By Ambar Warrick
Investing.com-- Gold prices fell further on Thursday as the U.S. dollar gained ahead of key payrolls data due this week, while copper prices sank on growing concerns over a global economic slowdown.
Spot gold fell 0.3% to $1,706.26 an ounce by 20:45 ET (00:45 GMT), touching its weakest level since late-July. Gold futures sank 0.5% to $1,716.75 an ounce. Both instruments are down substantially over the past five months, as rising U.S. interest rates boosted the dollar and Treasury yields.
Bullion prices retreated this week, while the dollar stuck to 20-year highs ahead of key U.S. nonfarm payrolls data due on Friday. The dollar index rose 0.3% on Thursday.
While U.S. payrolls are expected to be lower in August than the prior month, a stronger-than-expected reading could give the Federal Reserve more space to hike interest rates aggressively this year.
Data on Wednesday, however, showed that U.S. private payrolls grew substantially less than expected in August, indicating that the labor market may be cooling.
Still, hawkish comments from Fed Chair Jerome Powell last week saw gold and most other metals lose substantially in the past three sessions. Investors are penciling in an over 70% chance that the Fed will hike interest rates by 75 basis points later in September.

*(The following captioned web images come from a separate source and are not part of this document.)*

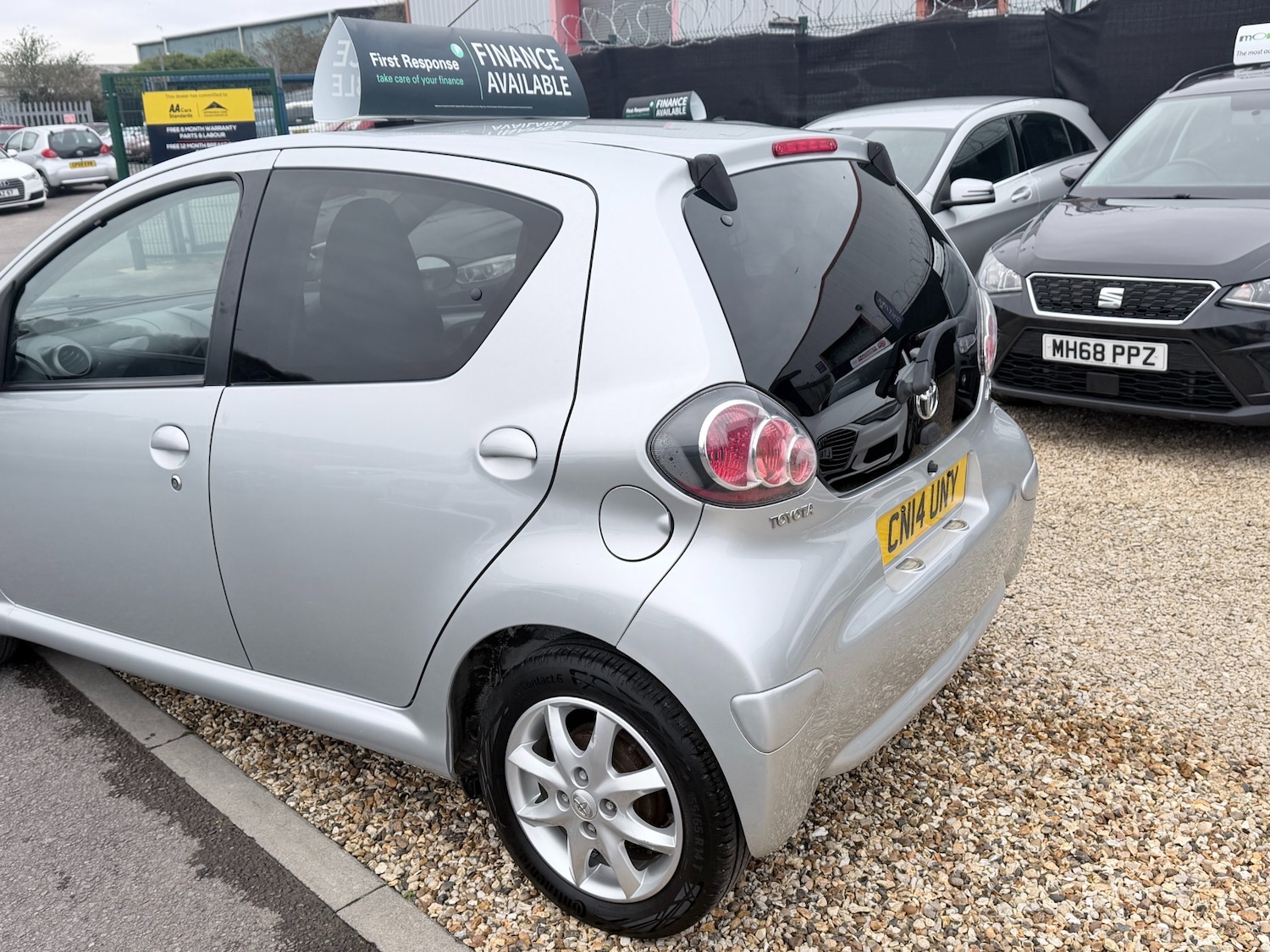 Used Toyota AYGO 2014 for sale - 77640326: Photo 15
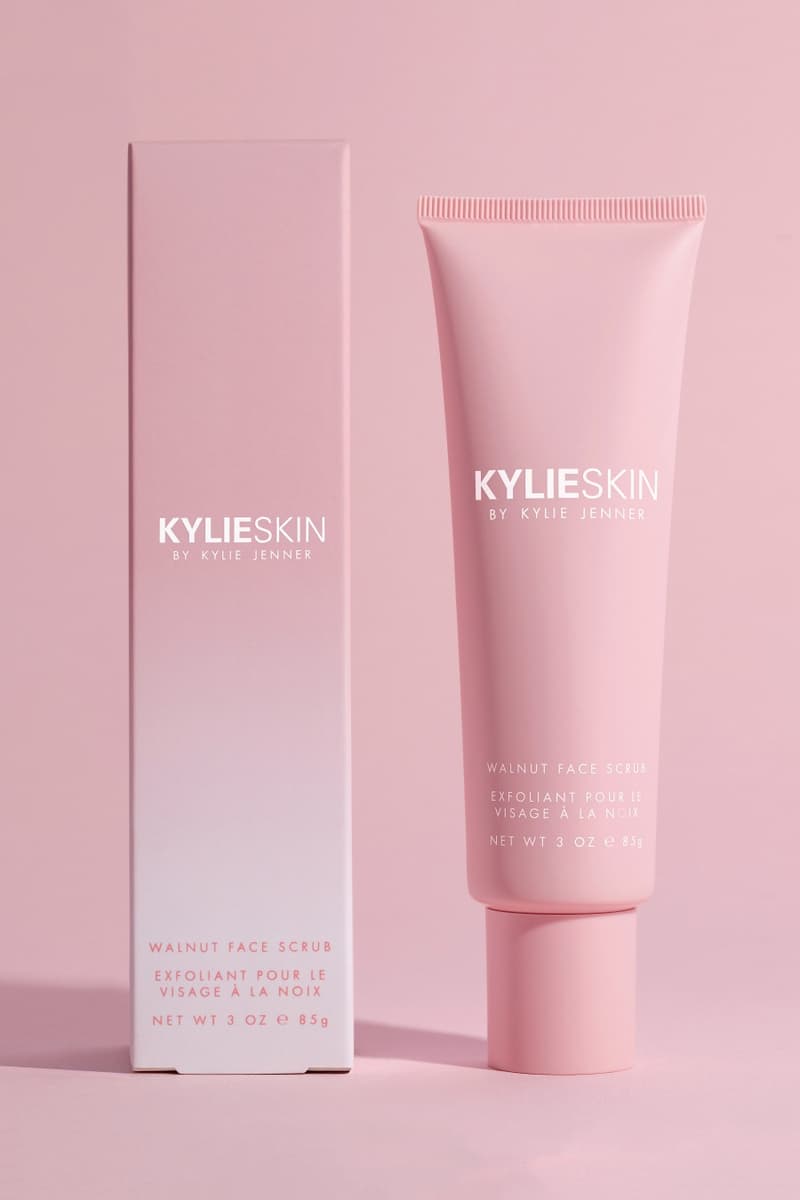 Kylie Jenner Kylie Skin Skincare Range Restock Face Body Wash Moisturizer Lip Scrub Balm
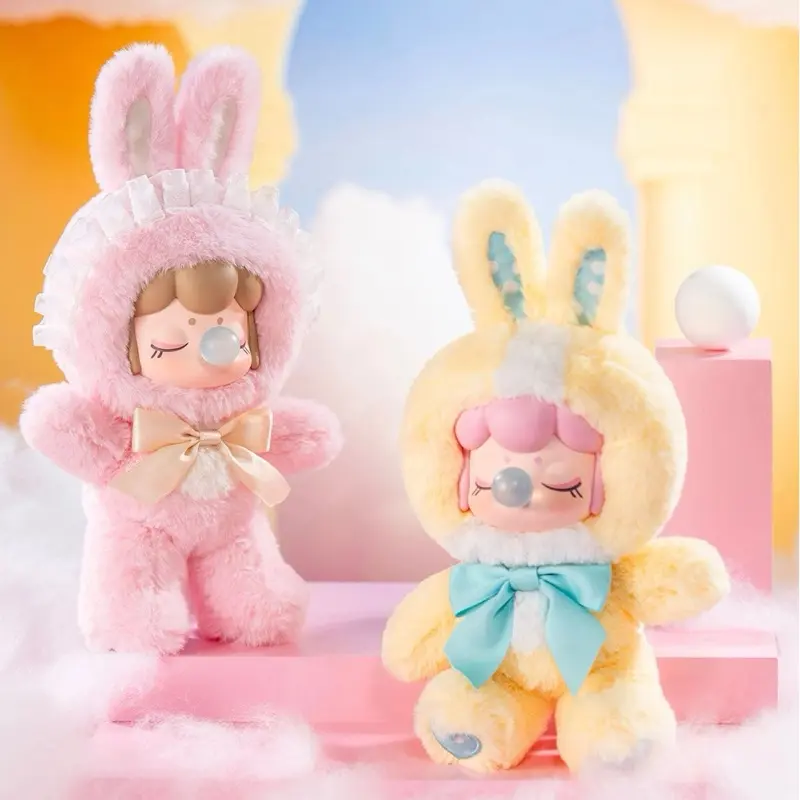 Nanci Shining Bunny Blind Box - Kawaii Collectible Plush Series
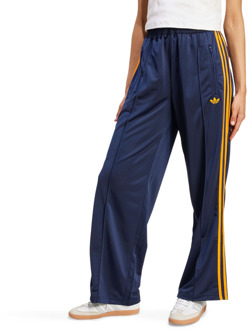 adidas Classic Broeken Dames - Blauw - Maat 42 - Poly Mesh Blue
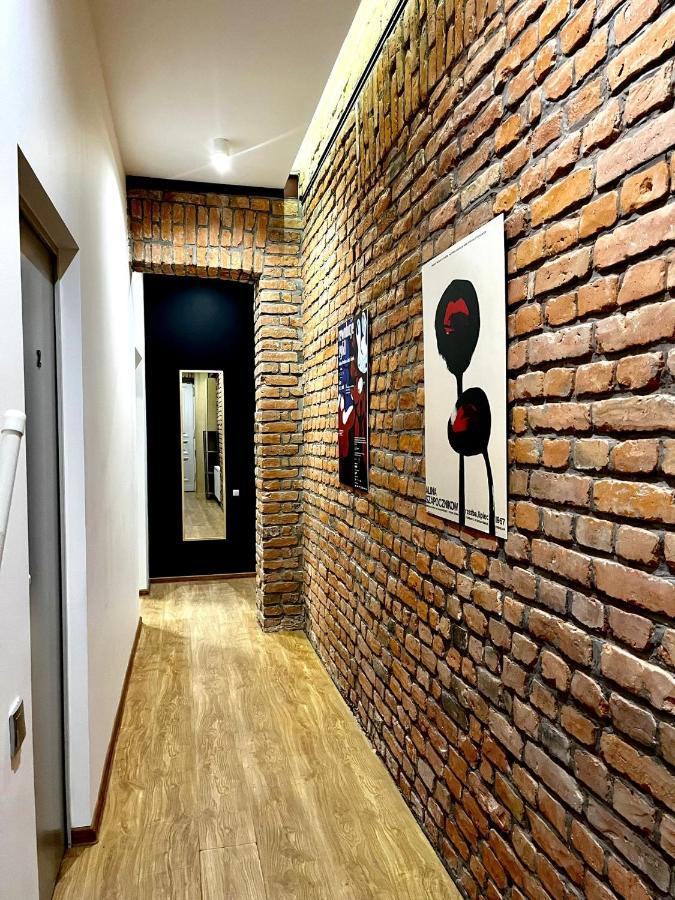 Bezagenta Rooms Centrum Warsaw Exterior photo
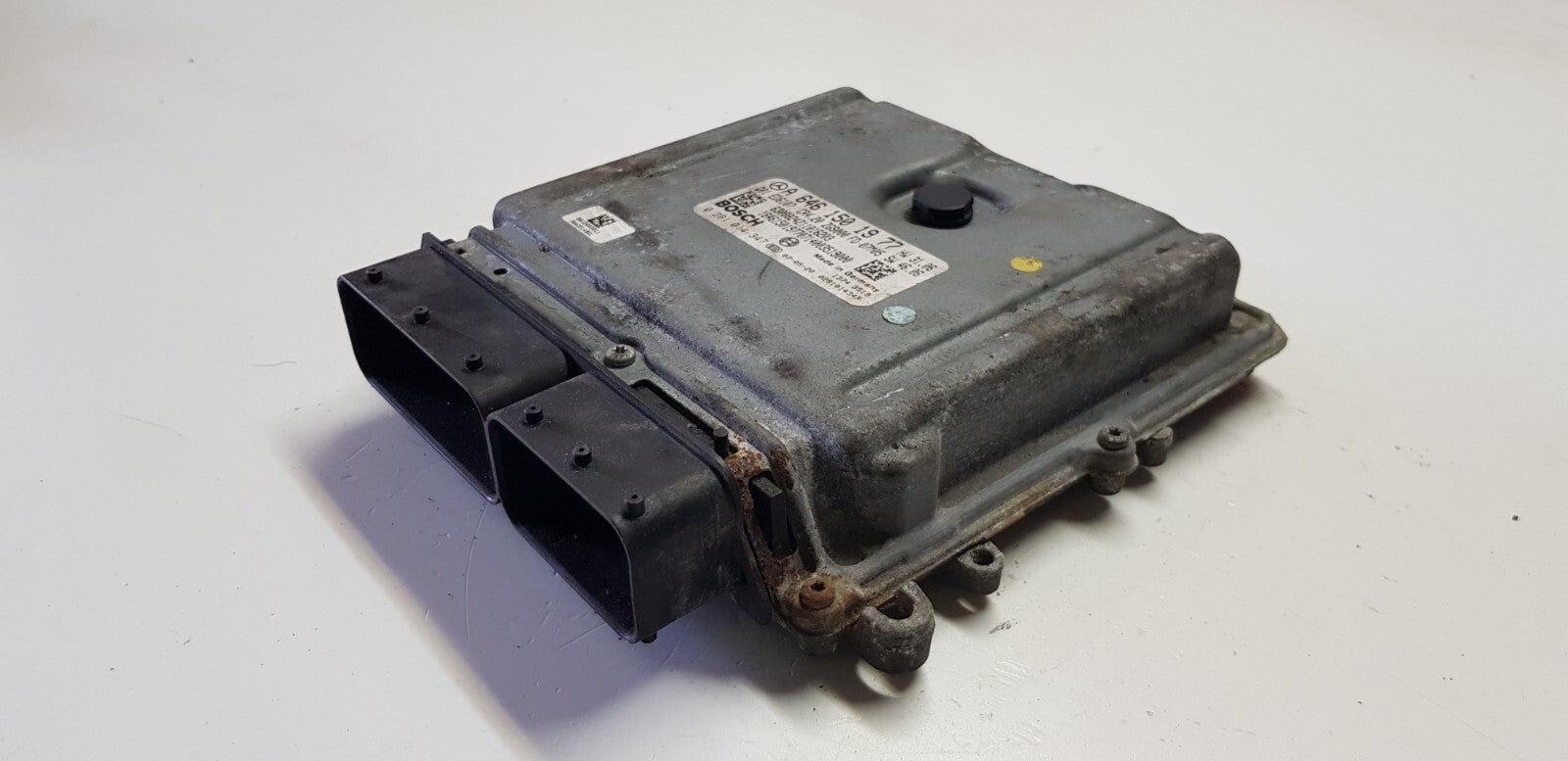 Mercedes Sprinter Motorsteuergerät Steuergerät A 6461501977 0281014347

Other precious metals also retreated. Platinum sank 0.9%, while silver futures slumped 1.5%.
Among industrial metals, copper futures fell 0.7% to $3.4880 a pound, extending losses into a fifth straight session as concerns over a global recession continued to grow.
The red metal fell sharply on Wednesday after data showed Chinese manufacturing activity shrank for a second straight month in August.
Weak economic readings from Germany and Japan, coupled with surging inflation in the euro zone also trumped up concerns over slowing economic activity, denting the demand for copper.